● **Description of the task**:
After locating the line that contains "006M7337_Spring L.JPG" in the data below, set down exactly that line and each one after it through the line that contains "How to distinguish", and nothing more.

Data below:

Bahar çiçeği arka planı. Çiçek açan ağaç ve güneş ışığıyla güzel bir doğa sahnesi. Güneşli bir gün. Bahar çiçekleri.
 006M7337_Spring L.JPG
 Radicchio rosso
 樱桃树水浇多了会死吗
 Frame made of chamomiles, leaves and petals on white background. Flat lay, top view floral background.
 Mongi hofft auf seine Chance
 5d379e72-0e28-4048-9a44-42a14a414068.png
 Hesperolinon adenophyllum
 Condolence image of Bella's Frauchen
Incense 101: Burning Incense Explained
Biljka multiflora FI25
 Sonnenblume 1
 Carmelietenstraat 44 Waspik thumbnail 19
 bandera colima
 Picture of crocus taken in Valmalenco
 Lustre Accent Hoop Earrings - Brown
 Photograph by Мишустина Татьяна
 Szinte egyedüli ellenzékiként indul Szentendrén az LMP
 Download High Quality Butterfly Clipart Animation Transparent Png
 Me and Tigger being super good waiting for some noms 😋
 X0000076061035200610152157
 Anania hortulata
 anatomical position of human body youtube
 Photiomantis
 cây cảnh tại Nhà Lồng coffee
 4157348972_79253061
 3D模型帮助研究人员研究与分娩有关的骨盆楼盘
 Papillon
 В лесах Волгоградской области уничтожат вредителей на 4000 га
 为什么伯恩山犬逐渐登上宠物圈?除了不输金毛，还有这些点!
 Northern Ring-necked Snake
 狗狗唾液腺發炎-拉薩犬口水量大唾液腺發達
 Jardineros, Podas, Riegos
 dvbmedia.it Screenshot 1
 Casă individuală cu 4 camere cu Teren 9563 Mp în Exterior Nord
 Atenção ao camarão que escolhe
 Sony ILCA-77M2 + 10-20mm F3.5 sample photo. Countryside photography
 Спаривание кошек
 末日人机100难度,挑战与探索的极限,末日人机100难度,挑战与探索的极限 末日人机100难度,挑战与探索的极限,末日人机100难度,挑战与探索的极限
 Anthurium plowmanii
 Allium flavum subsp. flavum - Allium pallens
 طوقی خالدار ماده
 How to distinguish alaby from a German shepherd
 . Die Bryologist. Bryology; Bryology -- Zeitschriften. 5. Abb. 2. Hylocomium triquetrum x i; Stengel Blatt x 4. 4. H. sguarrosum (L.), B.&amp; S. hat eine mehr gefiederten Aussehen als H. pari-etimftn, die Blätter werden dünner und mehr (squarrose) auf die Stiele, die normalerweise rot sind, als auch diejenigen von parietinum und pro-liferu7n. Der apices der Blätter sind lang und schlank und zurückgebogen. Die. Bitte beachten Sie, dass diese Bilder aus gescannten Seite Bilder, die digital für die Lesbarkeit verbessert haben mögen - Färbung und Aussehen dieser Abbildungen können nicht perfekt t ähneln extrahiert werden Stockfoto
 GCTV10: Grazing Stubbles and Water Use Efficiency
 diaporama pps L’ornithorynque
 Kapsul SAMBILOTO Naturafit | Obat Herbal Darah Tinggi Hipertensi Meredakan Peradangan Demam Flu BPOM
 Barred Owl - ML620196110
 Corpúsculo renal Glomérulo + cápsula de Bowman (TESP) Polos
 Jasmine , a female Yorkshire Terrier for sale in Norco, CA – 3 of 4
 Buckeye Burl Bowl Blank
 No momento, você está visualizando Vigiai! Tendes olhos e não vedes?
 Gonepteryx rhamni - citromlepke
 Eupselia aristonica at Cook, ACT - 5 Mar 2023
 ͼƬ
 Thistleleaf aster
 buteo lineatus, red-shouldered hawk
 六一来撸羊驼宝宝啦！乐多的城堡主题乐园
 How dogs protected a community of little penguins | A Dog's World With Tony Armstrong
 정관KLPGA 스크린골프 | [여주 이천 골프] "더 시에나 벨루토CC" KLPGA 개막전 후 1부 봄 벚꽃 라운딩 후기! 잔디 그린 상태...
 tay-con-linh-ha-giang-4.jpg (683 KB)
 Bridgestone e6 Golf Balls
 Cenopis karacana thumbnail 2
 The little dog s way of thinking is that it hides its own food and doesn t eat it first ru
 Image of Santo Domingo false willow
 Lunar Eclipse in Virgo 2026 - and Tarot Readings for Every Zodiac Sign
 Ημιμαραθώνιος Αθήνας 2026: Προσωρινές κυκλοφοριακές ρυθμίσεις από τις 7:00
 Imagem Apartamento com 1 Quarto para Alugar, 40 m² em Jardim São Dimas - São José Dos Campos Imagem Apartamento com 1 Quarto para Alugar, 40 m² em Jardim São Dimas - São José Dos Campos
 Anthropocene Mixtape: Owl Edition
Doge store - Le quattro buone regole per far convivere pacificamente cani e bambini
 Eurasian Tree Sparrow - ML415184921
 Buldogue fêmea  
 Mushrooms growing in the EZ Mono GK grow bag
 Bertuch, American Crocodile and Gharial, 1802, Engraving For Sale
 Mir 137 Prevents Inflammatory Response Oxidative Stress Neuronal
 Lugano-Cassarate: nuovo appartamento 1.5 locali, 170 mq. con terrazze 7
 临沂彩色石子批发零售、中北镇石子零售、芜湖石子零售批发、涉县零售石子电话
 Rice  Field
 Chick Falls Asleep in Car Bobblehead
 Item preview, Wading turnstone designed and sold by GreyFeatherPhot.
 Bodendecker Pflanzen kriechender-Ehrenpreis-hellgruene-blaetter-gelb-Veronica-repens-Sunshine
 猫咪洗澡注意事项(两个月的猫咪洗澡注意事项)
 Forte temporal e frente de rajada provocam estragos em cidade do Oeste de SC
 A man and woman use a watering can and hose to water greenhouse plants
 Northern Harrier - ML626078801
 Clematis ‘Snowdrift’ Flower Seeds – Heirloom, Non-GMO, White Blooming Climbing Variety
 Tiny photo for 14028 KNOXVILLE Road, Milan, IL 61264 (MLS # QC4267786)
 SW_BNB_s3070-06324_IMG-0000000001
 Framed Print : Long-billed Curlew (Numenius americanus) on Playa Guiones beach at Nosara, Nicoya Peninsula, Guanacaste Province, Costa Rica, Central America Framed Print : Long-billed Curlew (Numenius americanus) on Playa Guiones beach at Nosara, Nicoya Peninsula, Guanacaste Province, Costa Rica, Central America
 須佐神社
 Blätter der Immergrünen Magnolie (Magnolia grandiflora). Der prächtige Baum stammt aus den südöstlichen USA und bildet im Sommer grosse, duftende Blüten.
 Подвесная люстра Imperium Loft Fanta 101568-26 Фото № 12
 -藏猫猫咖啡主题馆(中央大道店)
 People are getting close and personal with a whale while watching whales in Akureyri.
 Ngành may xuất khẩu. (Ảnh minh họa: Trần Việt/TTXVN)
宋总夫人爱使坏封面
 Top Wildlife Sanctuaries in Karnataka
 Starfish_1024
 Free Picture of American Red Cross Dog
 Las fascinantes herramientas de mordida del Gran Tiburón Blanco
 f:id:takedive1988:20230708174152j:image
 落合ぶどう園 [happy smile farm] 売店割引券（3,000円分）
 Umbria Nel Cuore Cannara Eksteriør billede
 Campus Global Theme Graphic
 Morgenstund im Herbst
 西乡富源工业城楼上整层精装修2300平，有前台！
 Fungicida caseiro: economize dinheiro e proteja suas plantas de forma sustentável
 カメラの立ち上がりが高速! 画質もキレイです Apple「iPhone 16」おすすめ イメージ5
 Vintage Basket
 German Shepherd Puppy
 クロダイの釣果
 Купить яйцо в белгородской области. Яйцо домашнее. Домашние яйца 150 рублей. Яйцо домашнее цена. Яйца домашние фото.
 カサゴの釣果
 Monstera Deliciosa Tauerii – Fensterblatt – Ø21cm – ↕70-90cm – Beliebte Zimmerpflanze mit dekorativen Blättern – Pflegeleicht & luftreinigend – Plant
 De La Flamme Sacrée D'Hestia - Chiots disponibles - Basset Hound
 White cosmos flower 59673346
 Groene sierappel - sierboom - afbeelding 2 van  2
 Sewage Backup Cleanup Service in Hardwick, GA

End of Data.

● **Exercise result**:
 006M7337_Spring L.JPG
 Radicchio rosso
 樱桃树水浇多了会死吗
 Frame made of chamomiles, leaves and petals on white background. Flat lay, top view floral background.
 Mongi hofft auf seine Chance
 5d379e72-0e28-4048-9a44-42a14a414068.png
 Hesperolinon adenophyllum
 Condolence image of Bella's Frauchen
Incense 101: Burning Incense Explained
Biljka multiflora FI25
 Sonnenblume 1
 Carmelietenstraat 44 Waspik thumbnail 19
 bandera colima
 Picture of crocus taken in Valmalenco
 Lustre Accent Hoop Earrings - Brown
 Photograph by Мишустина Татьяна
 Szinte egyedüli ellenzékiként indul Szentendrén az LMP
 Download High Quality Butterfly Clipart Animation Transparent Png
 Me and Tigger being super good waiting for some noms 😋
 X0000076061035200610152157
 Anania hortulata
 anatomical position of human body youtube
 Photiomantis
 cây cảnh tại Nhà Lồng coffee
 4157348972_79253061
 3D模型帮助研究人员研究与分娩有关的骨盆楼盘
 Papillon
 В лесах Волгоградской области уничтожат вредителей на 4000 га
 为什么伯恩山犬逐渐登上宠物圈?除了不输金毛，还有这些点!
 Northern Ring-necked Snake
 狗狗唾液腺發炎-拉薩犬口水量大唾液腺發達
 Jardineros, Podas, Riegos
 dvbmedia.it Screenshot 1
 Casă individuală cu 4 camere cu Teren 9563 Mp în Exterior Nord
 Atenção ao camarão que escolhe
 Sony ILCA-77M2 + 10-20mm F3.5 sample photo. Countryside photography
 Спаривание кошек
 末日人机100难度,挑战与探索的极限,末日人机100难度,挑战与探索的极限 末日人机100难度,挑战与探索的极限,末日人机100难度,挑战与探索的极限
 Anthurium plowmanii
 Allium flavum subsp. flavum - Allium pallens
 طوقی خالدار ماده
 How to distinguish alaby from a German shepherd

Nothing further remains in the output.